> The one thing I’ve found that works for me on my phone is the OneSec app.
Sometimes the simplest solution is the Luddite one; put the phone down and step away from it.
If this appears to be an insurmountable ask, or otherwise infeasible, I humbly suggest there is a greater concern to be addressed than what yet another app on the phone which cannot be distanced may remedy.
I agree, this is the pathway. For me, this is the tool I’ve found that works to nudge me down that pathway by adding extra friction to the routes to cheap, crap dopamine. Often an interruption from this app is accompanied by my brain going “huh, so what do you really want to use this time for?”.
how do you and others get past all the permissions that onesec needs? They say everything remains on device; however, it's a closed source application so there's not really any way to confirm that besides looking at the packets that are going out of your phone.
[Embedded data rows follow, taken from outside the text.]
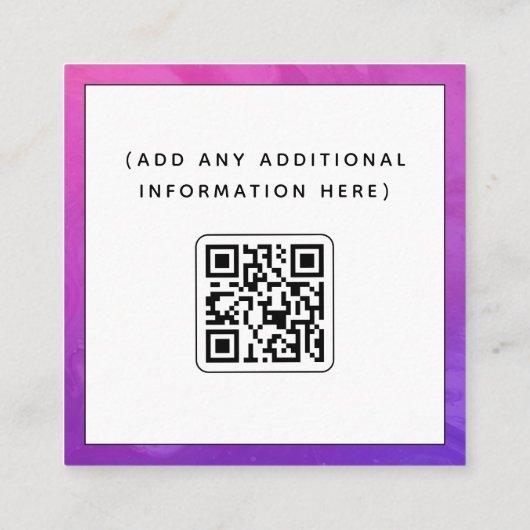 QR-code en sociale media Intense Paarse roze ombre Vierkante Visitekaartje (Achterkant)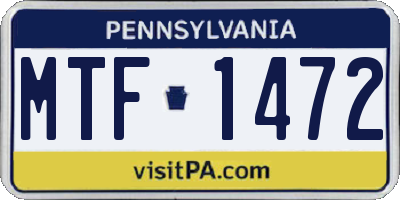 PA license plate MTF1472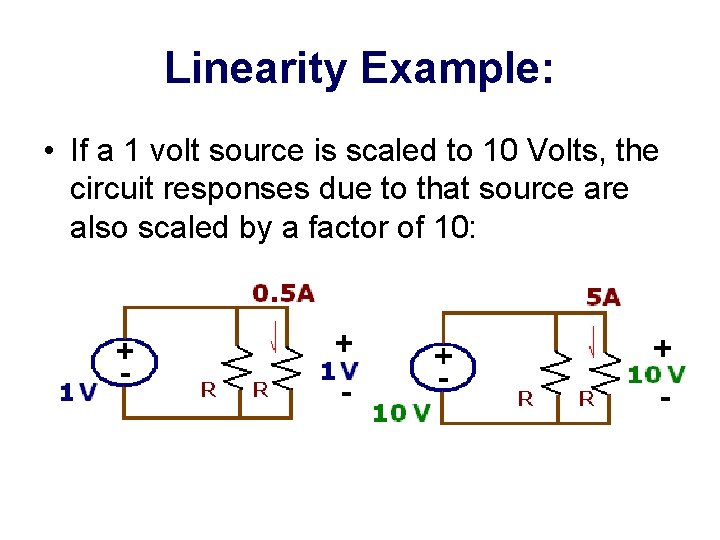 Linearity Example: • If a 1 volt source is scaled to 10 Volts, the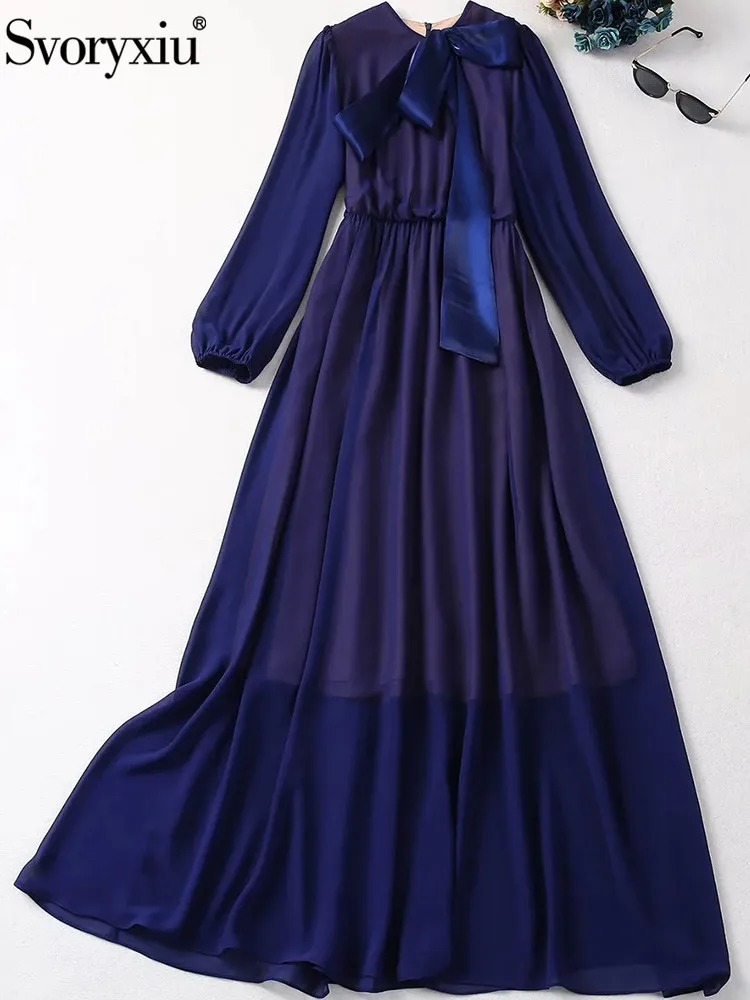 

Svoryxiu Fashion Designer Autumn Dark Blue A-Line Dress Women's Butterfly-knot O-Neck Lantern Sleeve High Waist Big Swing Dress
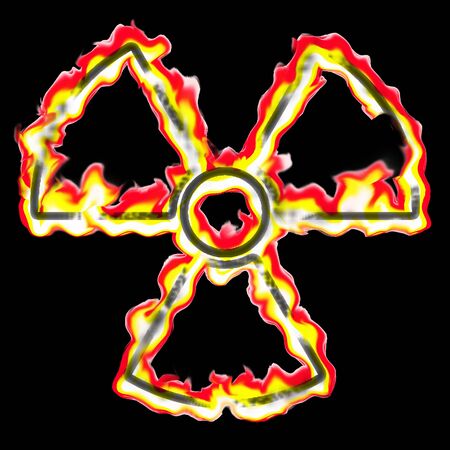illustration of the burning radiation signの写真素材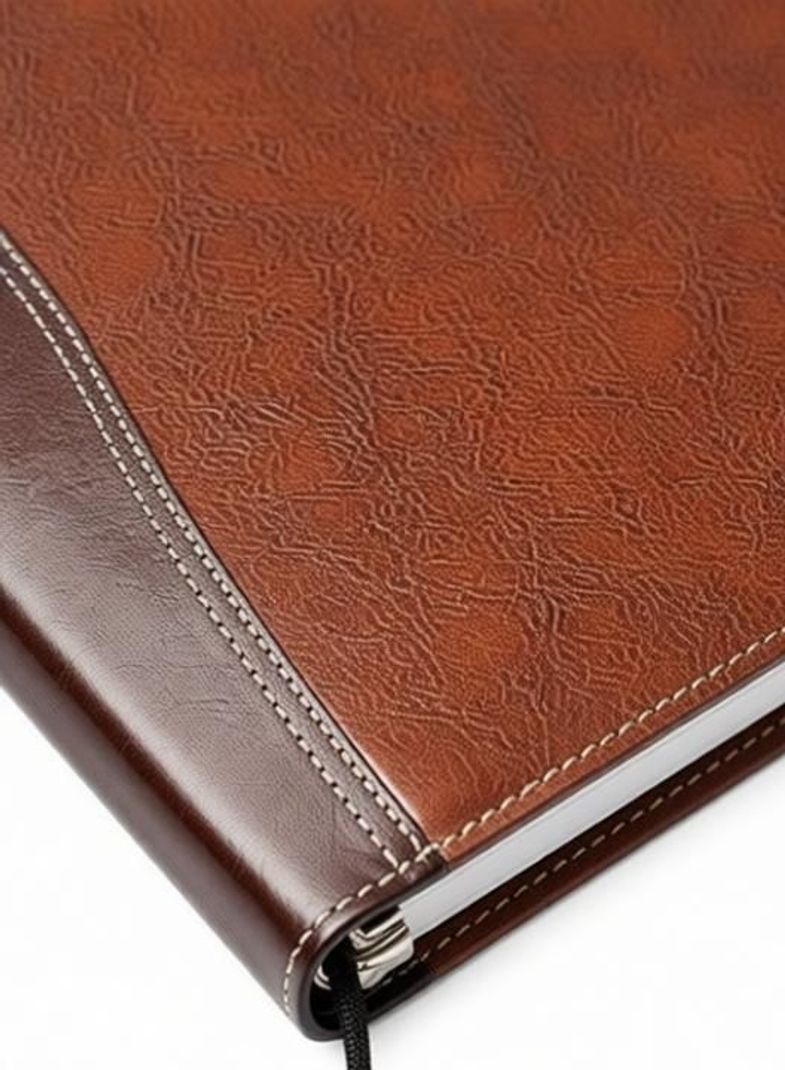 Eclet B4 Size Brown Leather Document File Folder Certificates, Legal Paper Holder Pu Leatherette Material Professional Waterproof Chain File Office File with 20 Leafs, (Set Of 1, Brown) - Image 7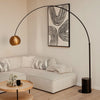 Lampadaire arc Ball, pied en marbre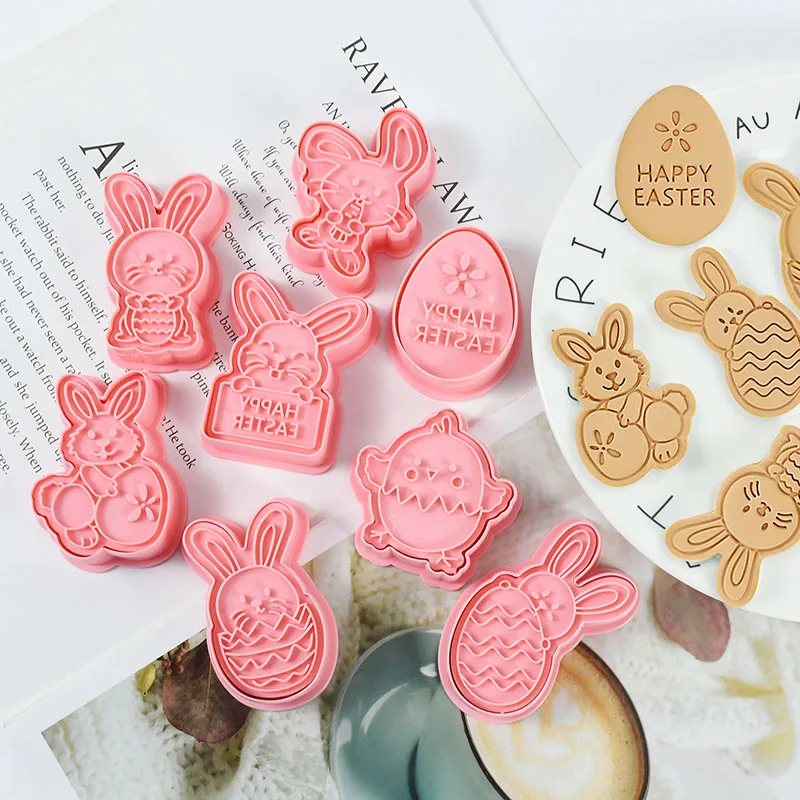 8 teile/schachtel Frohe Ostern Kunststoff Cookie Formen Queue Bunny Eier Keks Cutter 3D Cartoon Bunny Cookie Formen Ostern Party Backen werkzeuge Image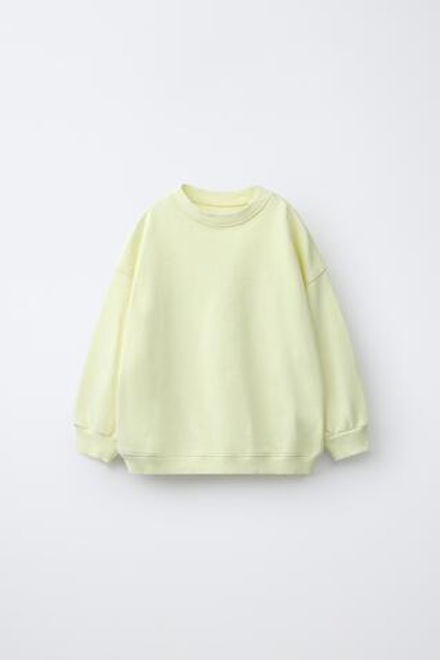ZARA ОДНОТОННАЯ ТОЛСТОВКА ОВЕРЛОК, ЛАЙМОВЫЙ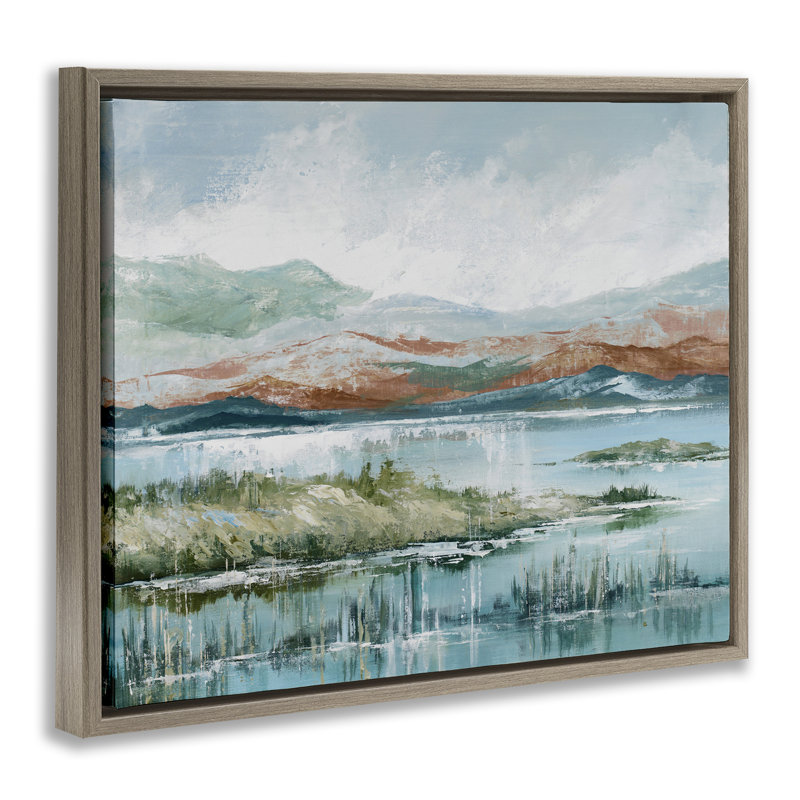 «Western Rustic Landscape», art mural encadré sur toile flottante par Max Maxx, Cadre flottant orme Montalcino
I don't have this app installed, but I would use the App Privacy Report in settings to inspect the App Network Activity to see what domains it connects to and how often. While not conclusive, I think it could provide some level of insight to whether it's handing off your information or not. Ideally it wouldn't make any network connections.
The only downside is that the Safari extension is granted full access to my web browsing in order to facilitate the website blocking. They say they don’t capture any data and at this point do trust them (you may feel differently). For blocking apps, no private data sharing is required.